A marchas forzadas, con tanto giro, hemos tenido que prepararnos para cuestionar el progreso y para asimilar la diferencia cultural cuando es legítima diversidad. Y otra vez una digestión muy difícil para los gobernantes, necesitados de traducir a votos cada giro de historia, y más difícil si cabe para los ciudadanos, poco o nada preparados para asimilar la diferencia en concepciones de la vida, lenguas, color de la piel y, sobre todo, derechos humanos de todos, repito, de todos.
Hace pocos años, muy pocos para la mayoría de nosotros, apenas diez, a la difícil digestión de la diversidad cultural del mundo, subsigue la crisis masiva de los refugiados y de los migrantes económicos, que llegan a nuestros aeropuertos y costas, por todos los medios, con papeles y sin papeles, entrando en nuestras vidas con toda la variedad de necesidades y derechos fundamentales que veníamos reconociendo en cada declaración internacional a cual más hermosa. Pero, claro, cuando ha habido que traducirlas a derechos humanos subjetivos, es decir, derechos no solo proclamados, sino reconocidos como facultad subjetiva de las personas para reclamar esa condición ante los tribunales nacionales e internacionales, ya no es lo mismo. Y aquí sí que vale todo para quedar de pie, que se suele decir. Primero los nuestros…, no hay para todos…, cada uno en su país…, nos invaden…, llévalos a tu casa…, y así todos los zaskas tan primarios como poco pensados en el diario discutir.

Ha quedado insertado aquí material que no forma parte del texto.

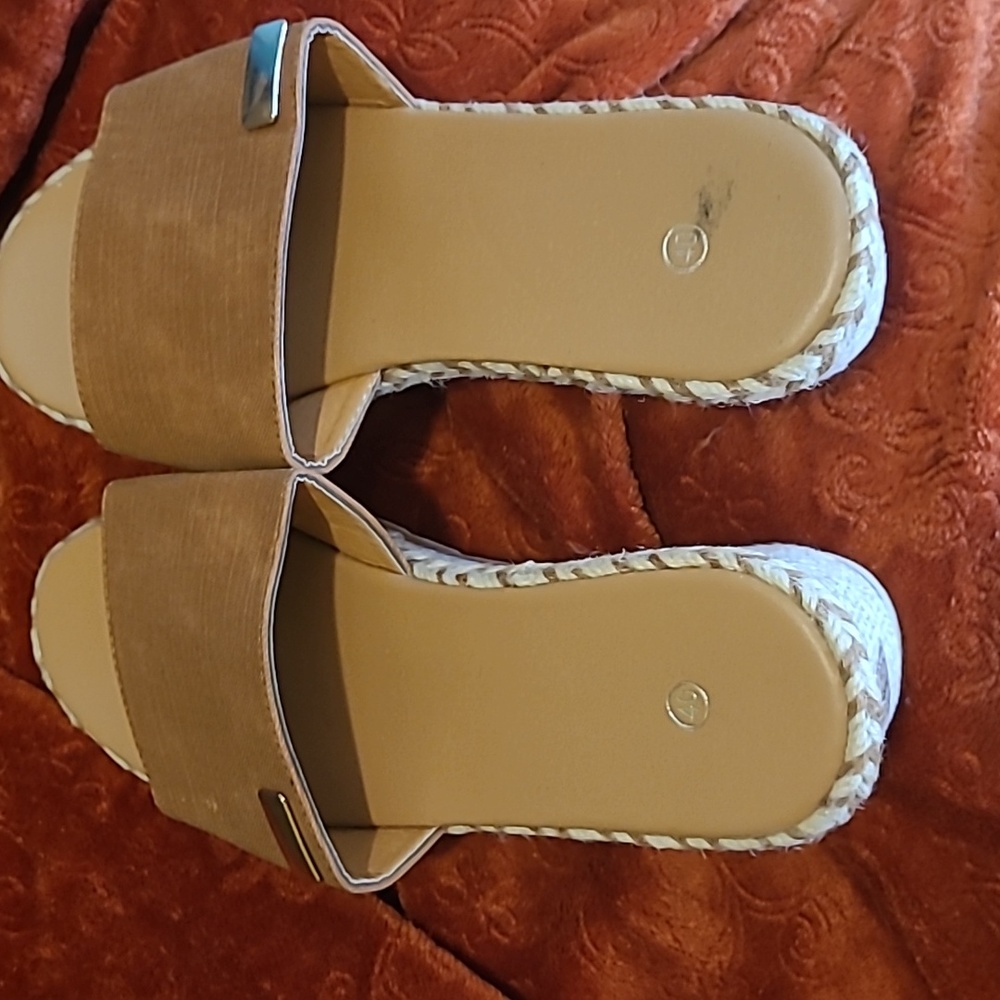 Ladies sandal - Picture 1 of 3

En fin, dirá el amigo lector, y ¿por dónde salimos de este enredo? Están cambiando los liderazgos políticos, sociales, morales y religiosos, y quien antes dé con una forma clara del suyo, antes será reconocido. Pero, ¿ese tal nos sacará del embrollo? No, solo si elige bien, pues si se equivoca en la elección y se conduce por la demagogia fácil o el pragmatismo de sumar unos votos, eso no dura. Ese nivel moral de mínimos para ir tirando hasta las próximas elecciones, o la próxima crisis, o las próximas primarias, ese nivel que obedece a la aporofobia –vivir con miedo al pobre–, ese nivel, según creo, de «primero, yo», «primero, nosotros», «primero, lo nuestro», tan comprensible pero tan inaceptable, ese nivel moral de mínimos hay que llamarlo lo que es, «nivel de mínimos de injusticia y mentira». Tener las cosas claras no es ser radical. Ser radical es ir a la raíz de un problema, y en ese viaje puedo descubrir que soy injusto y no tengo razón. Soy honesto con la realidad, si la comprendo, bien, aunque la conclusión me perjudique. Si parto de la base de que mi visión de lo que le pasa al mundo no me puede perjudicar, eso no es mirar humanamente la vida. Es hacer trampa a la justicia. La política tiene la culpa de todo, ¿sí? ¿Quién es la política sin mí?